Scraped caption text data:
-=-=-=-=-
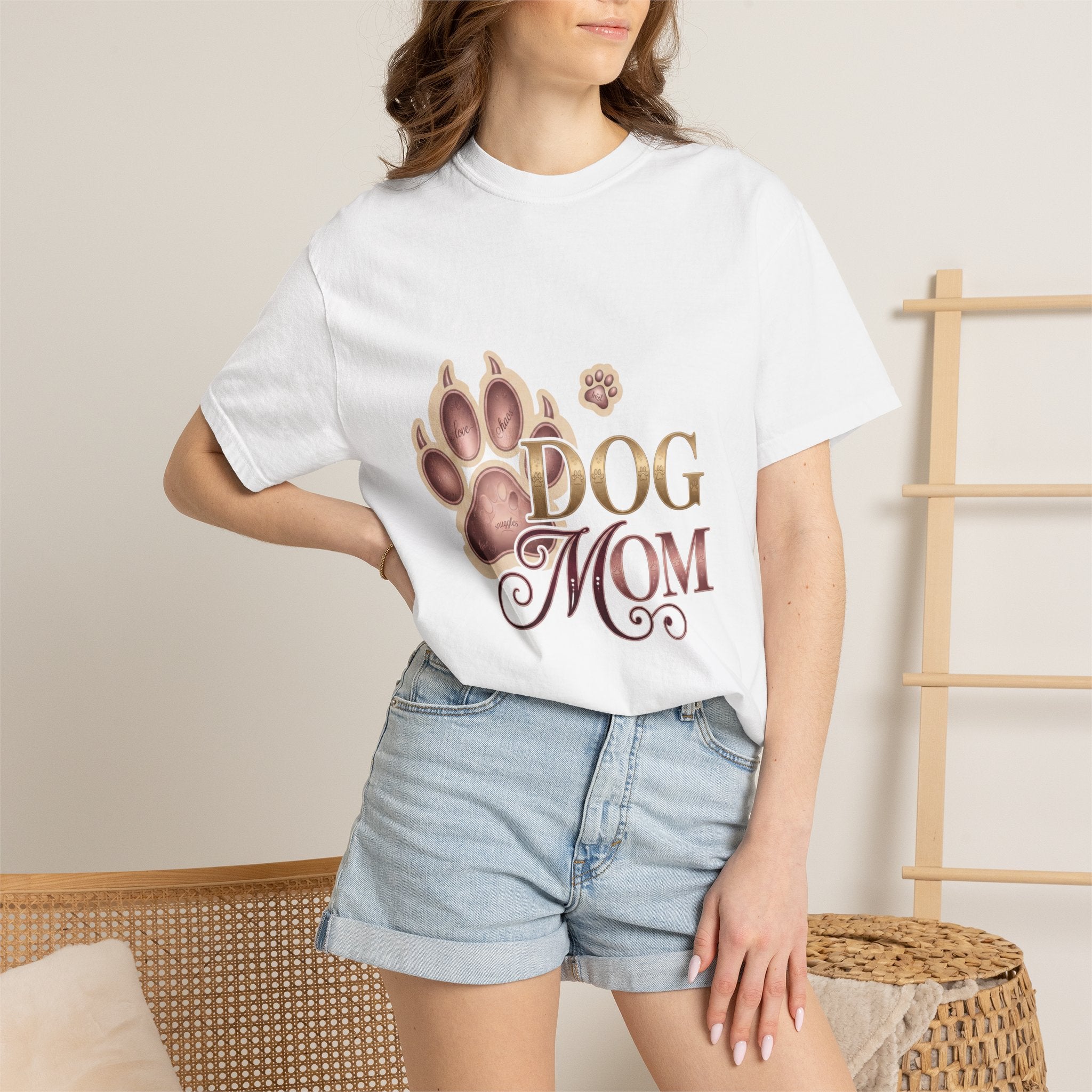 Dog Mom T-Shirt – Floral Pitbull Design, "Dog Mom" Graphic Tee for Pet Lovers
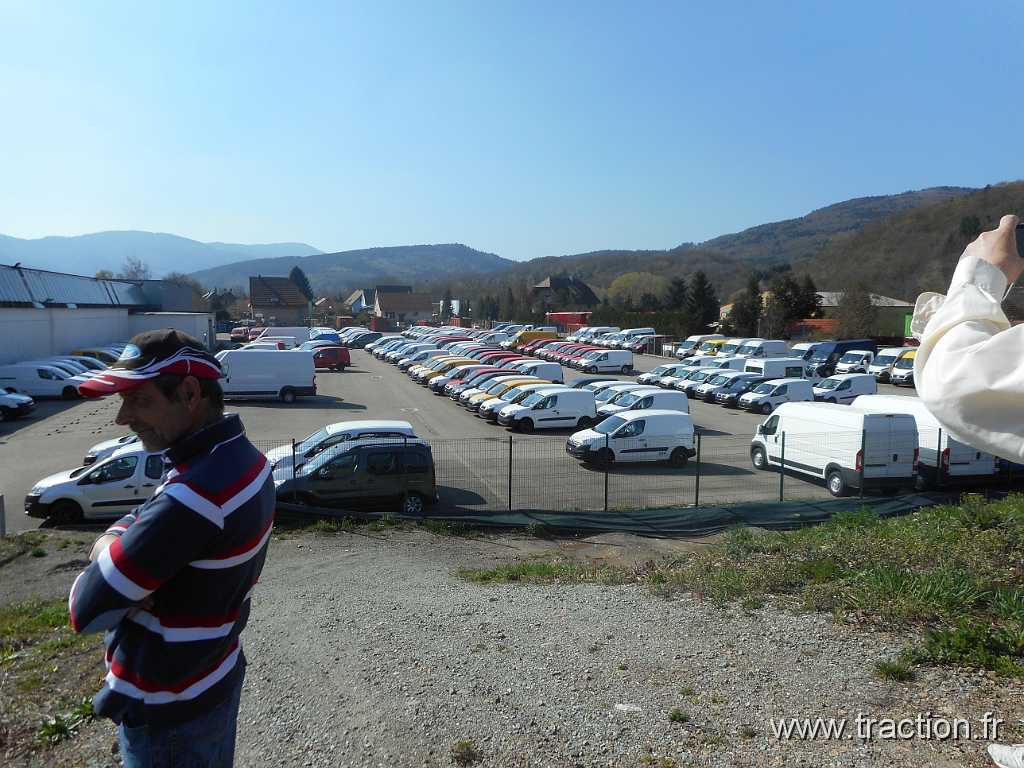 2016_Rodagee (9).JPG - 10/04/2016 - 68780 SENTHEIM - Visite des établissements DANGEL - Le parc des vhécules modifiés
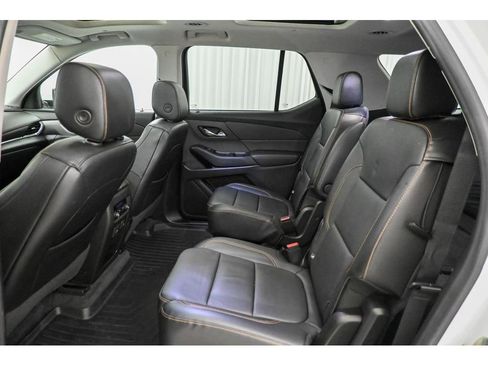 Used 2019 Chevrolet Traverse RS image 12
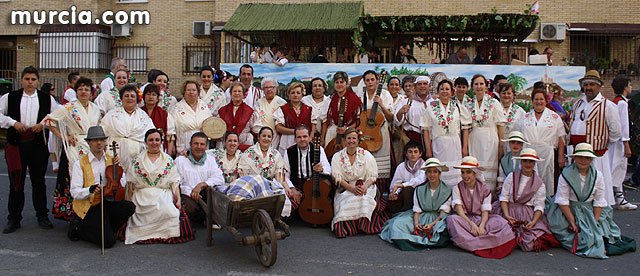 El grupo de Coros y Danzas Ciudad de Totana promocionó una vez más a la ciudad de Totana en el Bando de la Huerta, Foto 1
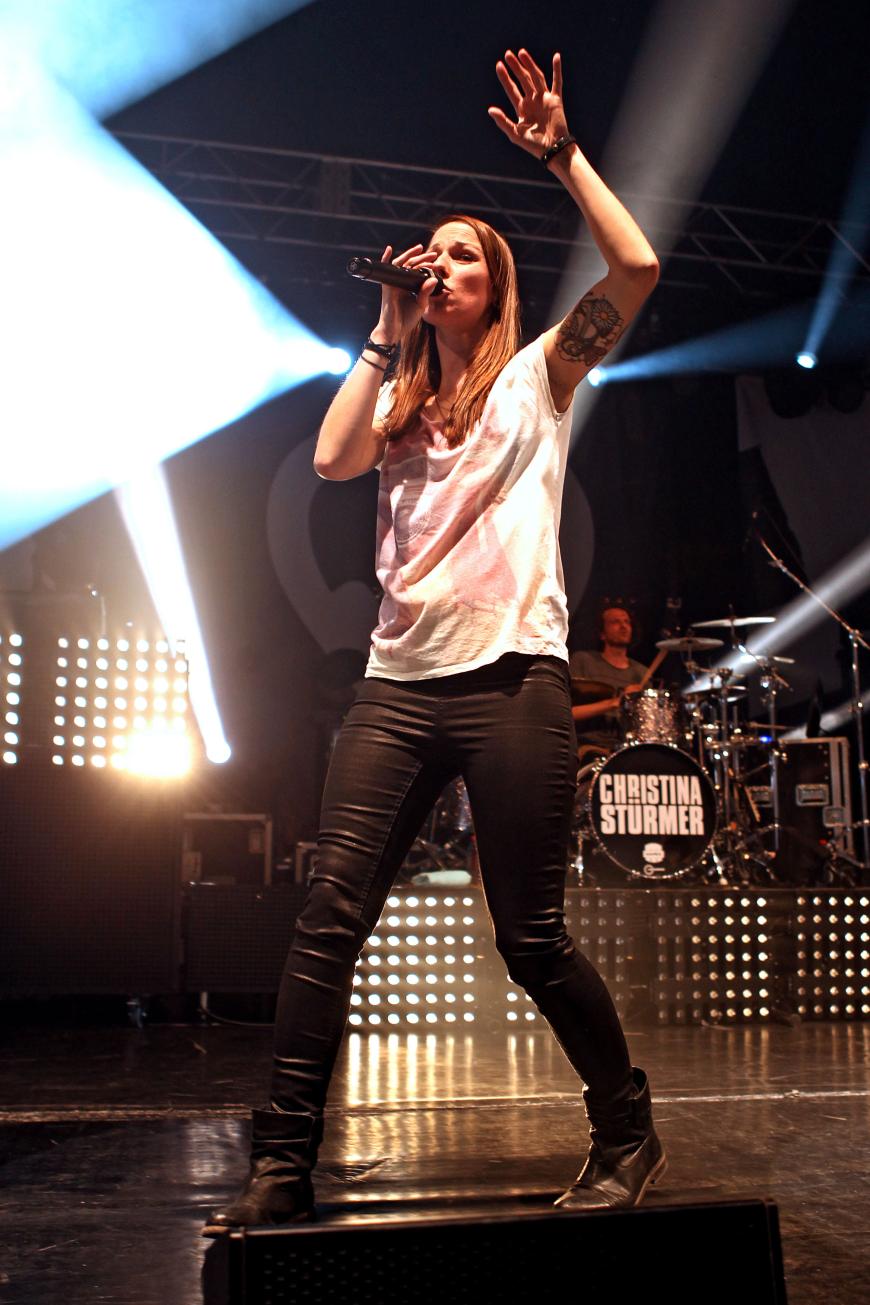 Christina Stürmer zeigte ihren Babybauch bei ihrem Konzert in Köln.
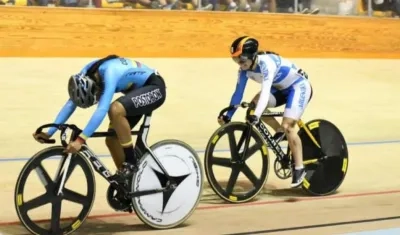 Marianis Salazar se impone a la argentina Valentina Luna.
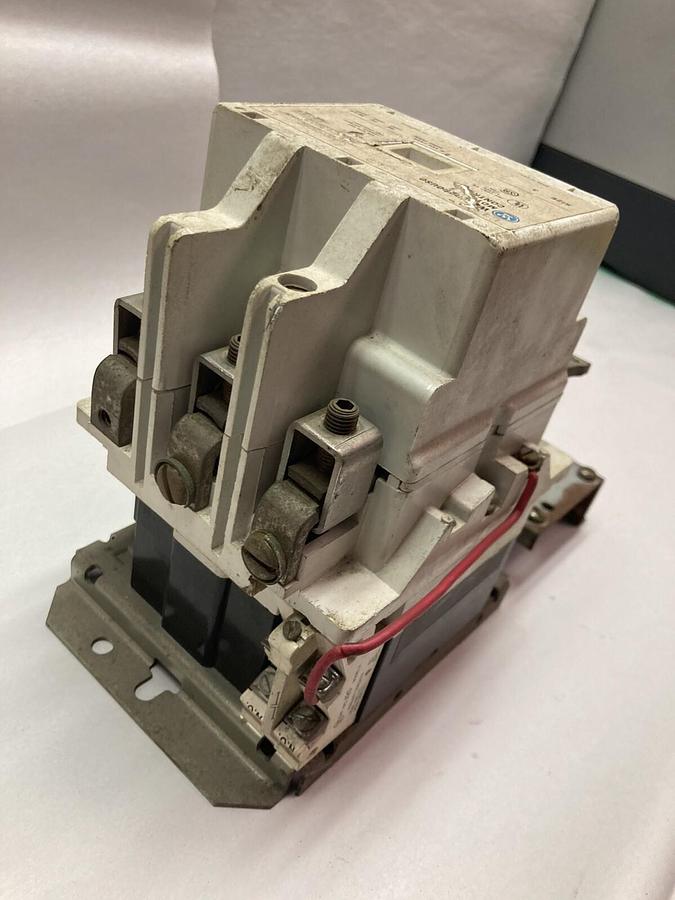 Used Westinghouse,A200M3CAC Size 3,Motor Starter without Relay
-=-=-=-=-
- _ASSIGNMENT_:
For the records above, output each one exactly and skip any image.

- _RESPONSE AREA_:
 Dog Mom T-Shirt – Floral Pitbull Design, "Dog Mom" Graphic Tee for Pet Lovers
 2016_Rodagee (9).JPG - 10/04/2016 - 68780 SENTHEIM - Visite des établissements DANGEL - Le parc des vhécules modifiés
 Used 2019 Chevrolet Traverse RS image 12
 El grupo de Coros y Danzas Ciudad de Totana promocionó una vez más a la ciudad de Totana en el Bando de la Huerta, Foto 1
 Christina Stürmer zeigte ihren Babybauch bei ihrem Konzert in Köln.
 Marianis Salazar se impone a la argentina Valentina Luna.
 Used Westinghouse,A200M3CAC Size 3,Motor Starter without Relay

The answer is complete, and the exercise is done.